Based on a book called “Moneyball,” this movie of the same name is about a pioneer in the practical application of a method of evaluating baseball players called sabermetrics. Sabermetrics is a word based on an acronym coined by Bill James, an early pioneer in the use of statistics to measure objective on-field baseball performance. Although Bill James had been publishing baseball abstracts and other material for years, starting in the 1980s, it was Oakland Athletics general manager Billy Beane and his assistant, Peter Brand, who pioneered the use of Bill James' ideas in managing and operating a major league baseball team. This movie is the story of Billy Beane and Peter Brand and their struggle to implement sabermetrics in Oakland A's management against a lot of resistance during the 2001 season.

The film starts with Beane (played by Brad Pitt of “Mr. and Mrs. Smith”) watching his Oakland team getting beat by the better-financed New York Yankees in the 2000 American League playoffs. To add insult to injury, three of Oakland's top players were taken away in the off season by teams with deeper pockets, including the Yankees and Red Sox. Beane is told there is no more money in the organization to sign top players of the same abilities as the ones being lost. His problem is, he has to find low-cost players to replace the high-priced stars he lost. He becomes convinced his scouts can't find those players because they look for talent the same way every other team does. A possible solution presents itself when he meets Peter Brand (played by Jonah Hill of “Get Him to the Greek”), who is working for the Cleveland Indians. Brand tells him there are talented players being overlooked by the scouts and high-priced players who aren't worth what they are being paid. Beane hires Brand and buys into sabermetrics as a way to find undervalued players who can win games for Oakland while staying within the team's tight budget.

Beane runs into a lot of resistance from the team's talent scouts and from the team's manager, Art Howe (Phillip Seymore Hoffman of “Doubt”) who won't play some of the players that Beane hires. Eventually, Beane is able to get the players he wants and is able to force Howe to play them. It takes a while, but the team starts to win. Even when the team does win, some people in the baseball community won't accept sabermetrics. The film also shows that Beane and Brand did more than just use computer programs to get cheap players. They also worked individually with the team's players to make them better. Sabermetrics isn't just about evaluating players, it is also a philosophy about how the game should be played in order to maximize the chances of winning. That was something that Beane and Brand preached to members of the team.

The film is also about Beane's background as a former major league player. Scouts saw him as a rare five-tool player and a can't-miss major league prospect. His career, however, never came close to matching the scouts' glowing projections. He always regretted his decision to forego college ball to pursue a pro career that ended up going nowhere. This fact led him to doubt that baseball scouts really knew what they were doing. His personal experience probably made it easier for him to turn to a completely different scouting method. The film also spends a good deal of time on Beane's relationship with his daughter (played by Kerris Dorsey, although some recent articles incorrectly list the 42-year old actress Kathryn Morris playing the part of this pre-teen child) and ex-wife (Robin Wright of “Unbreakable”). One of the more memorable players in the film is Scott Hatteberg (played by Chris Pratt of “Wanted”). The acting is very strong throughout this fine cast, but Brad Pitt really carries this film. His performance is Oscar-worthy.

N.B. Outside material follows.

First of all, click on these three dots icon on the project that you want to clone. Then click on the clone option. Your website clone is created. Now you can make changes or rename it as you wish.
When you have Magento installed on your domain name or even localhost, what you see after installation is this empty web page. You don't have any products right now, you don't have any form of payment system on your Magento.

While sabermetrics sounds like a cold, impersonal way to manage baseball players, the film is just the opposite. Beane treats his players with respect. Its a business, but it is also a people business. Early in his life, Beane learned that making decisions based on money alone is not a good idea. He shows that he learned that lesson when he makes a big decision at the end of the film. We are all faced with these kinds of decisions in our lives. It sometimes takes a lot of courage to make the right decisions. This is a film about that kind of courage. It is not easy to write a film about quiet courage and unassuming heroes like these, but this film rises to that challenge and hits one right out of the park. This film rates an A.

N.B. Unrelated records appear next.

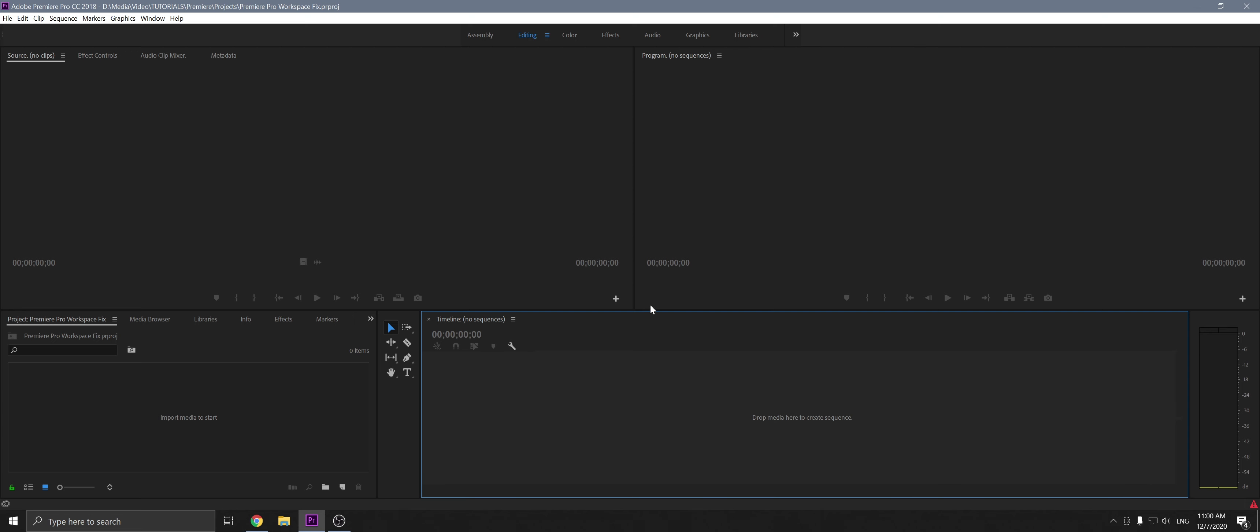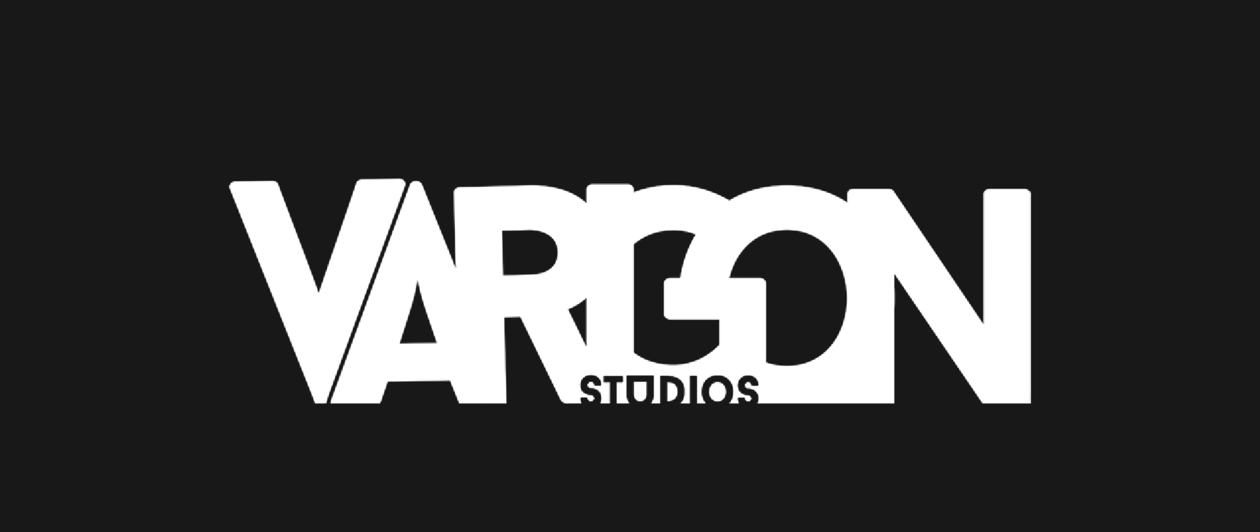So that's how you fix your workspaces in Premiere Pro. Thanks for watching. If you like some more tutorials and fixes, be sure to leave a like on this video and subscribe to our channel for more. I'll see you guys in the next video. Bye.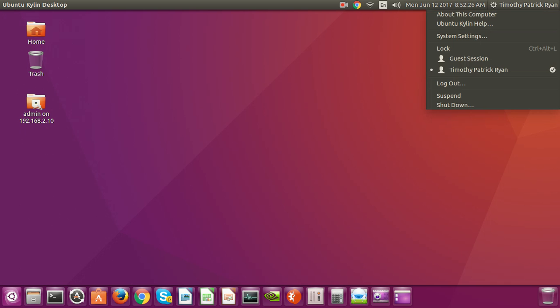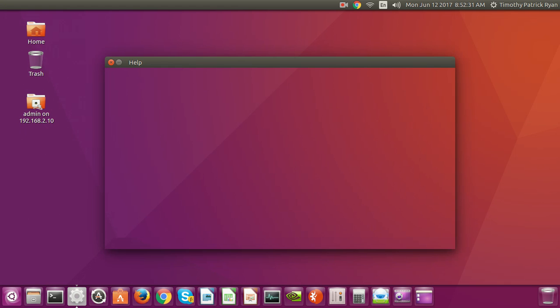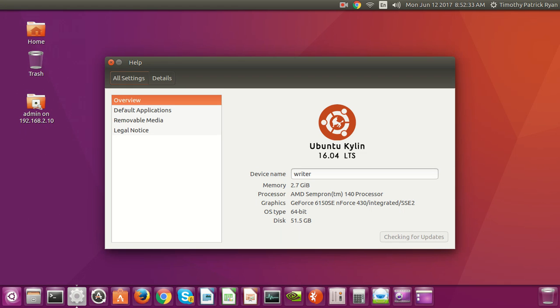So I was thinking about trying Ubuntu Kylin, and it solved the driver issues. Everything was automatically installed. This is not a big computer—you can read the specs here. GeForce, you know.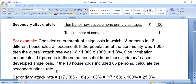The secondary attack rate formula is: number of new cases among primary contacts over total number of contacts, times 100. For example, consider an outbreak of shigellosis in which 18 persons in 18 different households all became ill. If the population of the community was 1,000, the overall attack rate is 18 divided by 1,000 times 100, which gives 1.8%.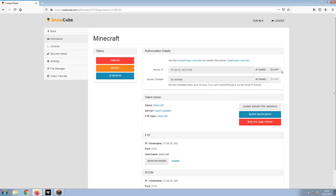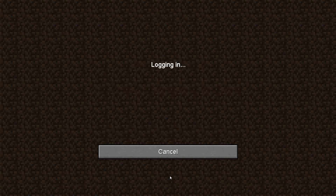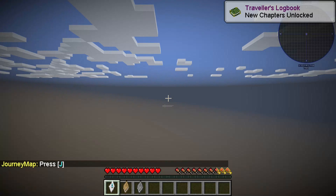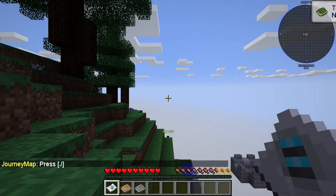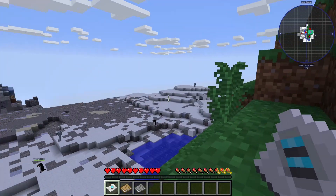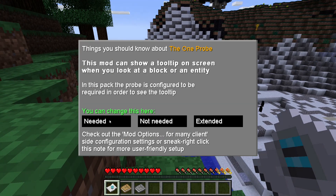Install the required client as shown here and launch it. Copy your IP address, start up your client, and connect to it using the copied IP address.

Most of this film is about the historic 2001 season of the Oakland A's. It is about how a team with a very low budget managed to put together a team that matched the regular season performance of the New York Yankees, the team with the highest payroll in baseball. Other teams started using sabermetrics too and Oakland gradually lost the edge it had. Once again, Oakland has sunk down below the 50 percent win mark along with other small market teams. It is still possible for a low-budget team to win. For instance, this year's Tampa Bay Ray team is tied with the Boston Red Sox for a playoff berth with one game left to play in the season. Tampa Bay's payroll is one of the lowest in the league, while Boston has one of the highest, some $120 million higher than Tampa Bay's payroll. So maybe the point of this story isn't that money doesn't matter, it does. Heart, courage, wisdom, determination and avoiding key injuries also count for something. That is quite an encouraging thing to realize.

Click here for links to places to buy or rent this movie in digital formats, or to buy the soundtrack, posters, books, even used videos, games, electronics and lots of other stuff. I suggest you shop at least two of these places before buying anything. Prices seem to vary continuously. For more information on this film, click on this link to The Internet Movie Database. Type in the name of the movie in the search box and press enter. You will be able to find background information on the film, the actors, and links to much more information.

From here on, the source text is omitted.